Plastic liners on top of the pits prevent rain water from flowing through them, and any runoff that does occur naturally heads further onto the Fernald site. And the uranium and thorium material inside is in a chemical form that is not easily transported by water.
Still, it's one reason that DOE personnel and community members are eager to have the waste removed posthaste.
"We don't particularly like shipping our stuff somewhere else, but it can't stay here. It just can't," said Lisa Crawford, president of Fernald Residents for Environmental Health and Safety (FRESH).
Although FRESH initially wanted all radioactive material shipped away from Fernald, Ms. Crawford said her group has accepted the DOE's "balanced approach": Large amounts of very low-level waste will be stored indefinitely in new on-site underground cells, so long as the more radioactive waste is removed.
"It doesn't make much sense to ship slightly contaminated waste because then you risk the (increased) possibility of a transportation accident," explained DOE environmental engineer David Rast. DOE officials and community members have set a standard that anything with a uranium content of more than 1,030 parts per million must be moved off site. According to Mr. Rast, that is the equivalent of two teaspoonsful of liquid in an Olympic-size swimming pool. "It's not going to go boom. If you get a drop of it on you, it's not going to kill you. It's not dangerous in that sense," Mr. Rast said of the waste pit material. "But it is harmful to the environment where it sits right now because of its proximity to the aquifer. We can't just let it stay there."
Mr. Lojek said there are also administrative concerns.
Earthen berms that support one of the pits are beginning to erode and would be costly to repair.
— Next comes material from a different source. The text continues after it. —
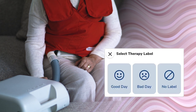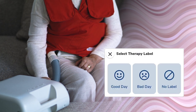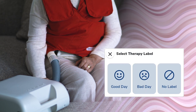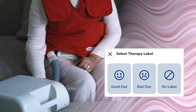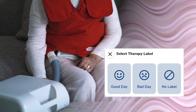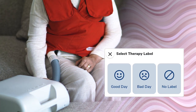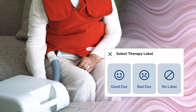Select a therapy label from the Good Day, Bad Day, or No Label selections to associate with this program therapy. A Good Day therapy is selected for days when a patient is feeling well and utilizing their SmartVest therapy for routine lung health therapy. A Bad Day therapy is for days when a patient is feeling more congested and needs to utilize a more robust therapy selection.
And before the site can be put to another use, the aquifer must be decontaminated -- so it doesn't make much sense to allow the contamination to spread, he said.
Deadline to begin
The waste must begin leaving Fernald no later than March 1, according to performance deadlines imposed on DOE by the U.S. Environmental Protection Agency after cost overruns and inefficiencies were reported in the Enquirer in 1996.
But before that can happen, officials must award a $100 million-plus contract to a commercial dump site -- most likely Clive, Utah-based Envirocare, which receives more than 95 percent of the government's low-level nuclear waste -- and negotiate a $100 million transportation deal with the CSX and Union Pacific railroads.
Over the summer, International Technologies Corp., based in Pittsburgh, will build a dryer plant at Fernald to remove the moisture from the waste, reducing its overall weight and making it easier to transport. The company, which will also excavate the pits and crush large chunks of material, was awarded a $122 million contract in October.
Although the contracts are awarded on a competitive basis, Pasadena, Texas-based Waste Control Specialists (WCS) said the dumping business is loaded in favor of Envirocare, virtually the only commercial site in the nation that holds the proper permits to receive DOE waste.
WCS, which wanted to bid on the contract, challenged the DOE in court.
"While they profess to have an open bidding system, the system is set up to ensure a monopoly," WCS attorney John Kyte said.
Federal court Judge Joe Kendall imposed an injunction on the DOE, preventing it from awarding the Fernald contract.
But the U.S. Court of Appeals for the 5th Circuit dismissed the suit and ordered the injunction lifted.
Slow alternative
Fluor Daniel Fernald and DOE officials say they are glad the lawsuit is near an end. They had worried that it could lead to time and cost overruns.
If they had not turned to a commercial dump, Energy officials say they would have been forced to use the government-owned Nevada Test Site -- which can handle only 25 percent of the annual waste load. So the project, which is slated for completion in 2005, would have taken four times as long and become much more expensive, Mr. Lojek said.